David Hazony and Jennifer Rubin both weighed in yesterday on VP Joe Biden’s comments about a possible Israeli strike on Iran. I wish I could see a silver lining in the interview. But I think the language used by the VP is purposely vague and could actually be construed the opposite way. Consider this:
Biden also said Israel is “entitled to do that. Any sovereign nation is entitled to do that. But there is no pressure from any nation that’s going to alter our behavior as to how to proceed” — which means that a sovereign Israel may see Iran’s nuclear program as an existential threat, but a sovereign America may not let such perception influence its policy of engagement: “What we believe is in the national interest of the United States, which we, coincidentally, believe is also in the interest of Israel and the whole world.”

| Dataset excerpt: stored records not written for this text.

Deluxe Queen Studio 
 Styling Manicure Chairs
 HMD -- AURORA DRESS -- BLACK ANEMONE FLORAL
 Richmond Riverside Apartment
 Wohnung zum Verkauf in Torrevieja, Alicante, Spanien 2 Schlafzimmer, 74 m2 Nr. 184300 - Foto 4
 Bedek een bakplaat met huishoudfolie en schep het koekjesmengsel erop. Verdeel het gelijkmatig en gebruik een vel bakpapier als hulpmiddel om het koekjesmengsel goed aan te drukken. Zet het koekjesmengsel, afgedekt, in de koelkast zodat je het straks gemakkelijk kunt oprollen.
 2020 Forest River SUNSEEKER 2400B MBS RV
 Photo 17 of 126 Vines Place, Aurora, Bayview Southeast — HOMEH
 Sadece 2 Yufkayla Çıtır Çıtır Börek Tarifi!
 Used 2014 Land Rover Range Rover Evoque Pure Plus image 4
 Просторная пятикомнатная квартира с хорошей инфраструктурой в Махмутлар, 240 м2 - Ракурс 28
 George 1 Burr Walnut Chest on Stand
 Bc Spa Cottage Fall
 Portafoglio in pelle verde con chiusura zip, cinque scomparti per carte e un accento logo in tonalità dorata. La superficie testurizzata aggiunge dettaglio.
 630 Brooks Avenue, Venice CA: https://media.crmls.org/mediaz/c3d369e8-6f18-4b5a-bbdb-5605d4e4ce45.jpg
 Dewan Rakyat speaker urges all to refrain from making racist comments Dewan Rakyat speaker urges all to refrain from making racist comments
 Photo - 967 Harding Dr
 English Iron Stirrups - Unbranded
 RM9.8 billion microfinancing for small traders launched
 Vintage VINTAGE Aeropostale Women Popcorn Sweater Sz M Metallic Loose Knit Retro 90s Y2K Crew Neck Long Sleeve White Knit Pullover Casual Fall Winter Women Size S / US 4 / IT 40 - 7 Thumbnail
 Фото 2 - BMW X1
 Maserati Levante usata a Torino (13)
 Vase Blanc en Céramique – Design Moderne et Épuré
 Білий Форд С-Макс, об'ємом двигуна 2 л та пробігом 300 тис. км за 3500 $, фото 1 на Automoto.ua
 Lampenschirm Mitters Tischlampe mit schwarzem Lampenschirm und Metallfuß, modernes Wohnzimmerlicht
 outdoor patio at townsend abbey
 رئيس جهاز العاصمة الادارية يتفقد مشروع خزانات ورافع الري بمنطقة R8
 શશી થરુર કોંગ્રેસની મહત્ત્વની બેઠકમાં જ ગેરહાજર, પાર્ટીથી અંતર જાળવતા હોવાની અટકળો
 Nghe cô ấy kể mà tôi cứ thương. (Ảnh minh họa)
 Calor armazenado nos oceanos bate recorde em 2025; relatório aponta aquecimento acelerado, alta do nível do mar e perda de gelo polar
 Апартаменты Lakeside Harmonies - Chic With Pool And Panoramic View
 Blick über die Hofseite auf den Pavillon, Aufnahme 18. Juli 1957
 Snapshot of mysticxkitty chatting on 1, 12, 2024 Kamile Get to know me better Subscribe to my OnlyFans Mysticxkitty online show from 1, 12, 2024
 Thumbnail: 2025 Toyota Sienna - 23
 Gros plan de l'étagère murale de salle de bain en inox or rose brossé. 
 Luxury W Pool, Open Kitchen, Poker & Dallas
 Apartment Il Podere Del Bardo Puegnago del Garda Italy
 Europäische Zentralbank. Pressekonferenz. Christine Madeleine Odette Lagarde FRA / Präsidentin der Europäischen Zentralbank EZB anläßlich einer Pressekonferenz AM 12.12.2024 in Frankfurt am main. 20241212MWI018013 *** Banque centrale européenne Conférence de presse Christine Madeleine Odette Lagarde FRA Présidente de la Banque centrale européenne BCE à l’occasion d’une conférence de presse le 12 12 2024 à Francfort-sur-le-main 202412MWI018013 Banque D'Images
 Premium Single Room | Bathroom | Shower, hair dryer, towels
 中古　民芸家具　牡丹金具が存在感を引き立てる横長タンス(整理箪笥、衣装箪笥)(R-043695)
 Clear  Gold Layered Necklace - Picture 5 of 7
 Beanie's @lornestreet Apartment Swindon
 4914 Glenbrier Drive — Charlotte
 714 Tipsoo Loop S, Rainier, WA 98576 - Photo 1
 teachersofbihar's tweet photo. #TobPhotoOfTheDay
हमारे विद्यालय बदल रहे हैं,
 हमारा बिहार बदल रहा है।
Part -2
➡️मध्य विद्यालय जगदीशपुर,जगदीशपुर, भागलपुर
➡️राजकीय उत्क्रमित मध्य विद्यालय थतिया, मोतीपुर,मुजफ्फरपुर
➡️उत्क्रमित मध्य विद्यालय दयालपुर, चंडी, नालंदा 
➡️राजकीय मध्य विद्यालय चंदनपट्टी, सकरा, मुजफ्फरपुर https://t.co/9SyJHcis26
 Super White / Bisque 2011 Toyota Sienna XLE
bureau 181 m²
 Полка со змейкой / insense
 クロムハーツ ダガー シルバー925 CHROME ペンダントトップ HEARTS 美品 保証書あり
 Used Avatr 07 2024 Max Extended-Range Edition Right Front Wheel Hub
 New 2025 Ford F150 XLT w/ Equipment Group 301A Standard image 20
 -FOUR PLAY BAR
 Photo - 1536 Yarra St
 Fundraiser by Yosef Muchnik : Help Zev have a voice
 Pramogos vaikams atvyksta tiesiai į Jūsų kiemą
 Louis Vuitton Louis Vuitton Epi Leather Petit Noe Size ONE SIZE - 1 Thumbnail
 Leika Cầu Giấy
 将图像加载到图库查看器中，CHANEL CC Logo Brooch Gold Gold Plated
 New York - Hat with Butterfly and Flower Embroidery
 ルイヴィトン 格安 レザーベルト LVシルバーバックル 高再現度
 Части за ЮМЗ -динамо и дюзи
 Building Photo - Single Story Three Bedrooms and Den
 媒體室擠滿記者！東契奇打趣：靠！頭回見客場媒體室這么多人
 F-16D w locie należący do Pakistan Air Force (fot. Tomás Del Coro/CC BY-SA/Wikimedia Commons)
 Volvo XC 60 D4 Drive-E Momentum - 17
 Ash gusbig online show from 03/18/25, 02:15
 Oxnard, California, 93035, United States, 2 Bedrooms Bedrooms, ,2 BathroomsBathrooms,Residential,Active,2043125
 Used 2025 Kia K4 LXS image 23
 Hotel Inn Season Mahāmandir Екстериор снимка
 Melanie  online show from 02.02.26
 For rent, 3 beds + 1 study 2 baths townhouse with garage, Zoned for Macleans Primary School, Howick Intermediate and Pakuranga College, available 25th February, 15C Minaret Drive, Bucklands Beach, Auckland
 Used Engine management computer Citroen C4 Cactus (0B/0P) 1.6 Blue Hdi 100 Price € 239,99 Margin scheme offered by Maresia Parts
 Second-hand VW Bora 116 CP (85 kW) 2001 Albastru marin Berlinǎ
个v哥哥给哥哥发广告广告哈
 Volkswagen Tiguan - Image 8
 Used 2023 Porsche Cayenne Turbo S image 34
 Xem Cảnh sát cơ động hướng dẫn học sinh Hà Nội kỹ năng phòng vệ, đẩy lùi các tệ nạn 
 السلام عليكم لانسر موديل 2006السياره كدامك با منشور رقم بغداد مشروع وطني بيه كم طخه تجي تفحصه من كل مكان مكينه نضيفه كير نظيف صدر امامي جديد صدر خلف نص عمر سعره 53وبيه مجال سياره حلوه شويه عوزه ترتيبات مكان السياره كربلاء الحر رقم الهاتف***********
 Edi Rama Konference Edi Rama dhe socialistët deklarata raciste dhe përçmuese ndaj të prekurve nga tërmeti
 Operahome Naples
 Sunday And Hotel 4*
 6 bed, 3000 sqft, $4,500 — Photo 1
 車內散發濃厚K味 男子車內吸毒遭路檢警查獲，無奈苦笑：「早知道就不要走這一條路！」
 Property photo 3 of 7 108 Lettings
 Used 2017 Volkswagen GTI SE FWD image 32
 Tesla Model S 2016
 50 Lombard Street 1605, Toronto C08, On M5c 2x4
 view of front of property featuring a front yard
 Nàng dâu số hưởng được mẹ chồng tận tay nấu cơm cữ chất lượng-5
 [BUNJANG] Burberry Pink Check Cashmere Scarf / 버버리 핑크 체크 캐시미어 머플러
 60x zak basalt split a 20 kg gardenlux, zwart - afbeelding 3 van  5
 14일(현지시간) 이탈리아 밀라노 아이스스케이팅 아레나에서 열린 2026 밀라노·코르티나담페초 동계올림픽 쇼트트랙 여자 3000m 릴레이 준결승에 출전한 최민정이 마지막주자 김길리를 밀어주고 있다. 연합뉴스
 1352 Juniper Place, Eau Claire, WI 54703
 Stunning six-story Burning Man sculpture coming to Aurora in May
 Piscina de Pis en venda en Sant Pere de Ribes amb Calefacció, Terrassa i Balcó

Biden, in fact, seems to be saying that U.S. engagement with Iran is in Israel’s interest — not bombing. He goes on to say that this course of action is “in the national interest of the U.S.” — presumably a strike would sabotage engagement and thus run contrary to U.S. national interest. He adds that “coincidentally,” this behavior also serves Israel’s interest and the interest of the world community. How is a strike going to coincide with this interest? Biden’s statement could be just as easily construed as a warning to Israel — don’t do it, you are harming our interest and, in the process, yours as well. And the world’s — which means, if you go ahead, you are alone.
Of course, Israel is “sovereign” and can choose to isolate itself by standing in the way of the U.S. — but it may not be the wisest course of action. So don’t hold your breath — this administration will stay the course for now.